Alumnus hired as Northwest boys basketball coach
Andy Hill is going home.
Hill, a 2004 graduate from Northwest, has accepted the boys basketball coaching job at his former school Monday, according to the Wichita school district. He replaces Bryan Chadwick, who resigned after Northwest finished 5-16 in his fourth season.
Hill has spent the past two years as coach at Newton, his first experience leading a program. He said he will always be grateful to athletic director Brian Becker for taking a chance on him.
“A lot of people wouldn’t do that,” Hill said. “And the kids as well. They bought into me. I didn’t really have any ties to Newton, no experience, and they got on board.”
Hill is leaving a promising program behind in Class 5A. The Railroaders finished the regular season 9-10, but sophomore Ty Berry, a potential Division I prospect, still has two more seasons at Newton.
“It was an extremely difficult decision for me,” Hill said. “Our potential of what we could do next year wasn’t really a factor. What made it so difficult was the relationships.”
Newton was ousted 62-58 in the first round of the sub-state tournament to Salina Central, this year’s Class 5A runner-up to Bishop Carroll. Hill said there was only one job in Kansas that could have pulled him away from Newton.

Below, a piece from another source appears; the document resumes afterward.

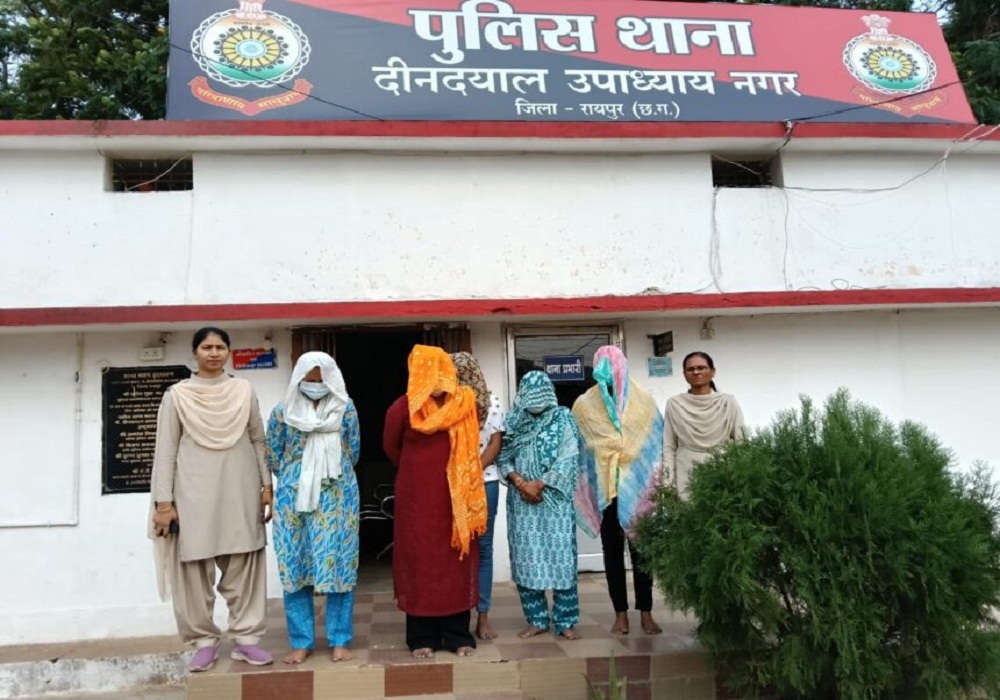 10 हजार में दूसरे राज्यों से बुलाई जाती थी लड़कियां, गिरफ्तार 5 युवतियां के फोन में मिले 250 से ज्यादा अश्लील फोटो-Video, ऐसे तय होता था सौदा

“And that just happened to be the one that came available,” he said.
Hill was an assistant at Northwest from 2008-14 after graduating from Newman University. In his time back home, he said he learned a lot about coaching and the culture at Northwest.
“When you’re a student and a player, you don’t see the bigger picture,” he said. “You think you do, but you don’t. Going back as a coach, you learn that not every kid in your program is gonna eat, breathe and sleep basketball.
“It’s your job to try to blend those pieces together.”
In 2014, Hill became an assistant at Andover, and two years later, the coach at Newton.
Hill, 32, has experience that made him a candidate for a City League job. Although Northwest didn’t win a game the second half of the season, Hill said he is excited to get started.
“I’ve already spent 10 years of my life there,” he said. “It’s a special place. You can see the success of all the programs, and I truly feel that the basketball program is a sleeping giant.”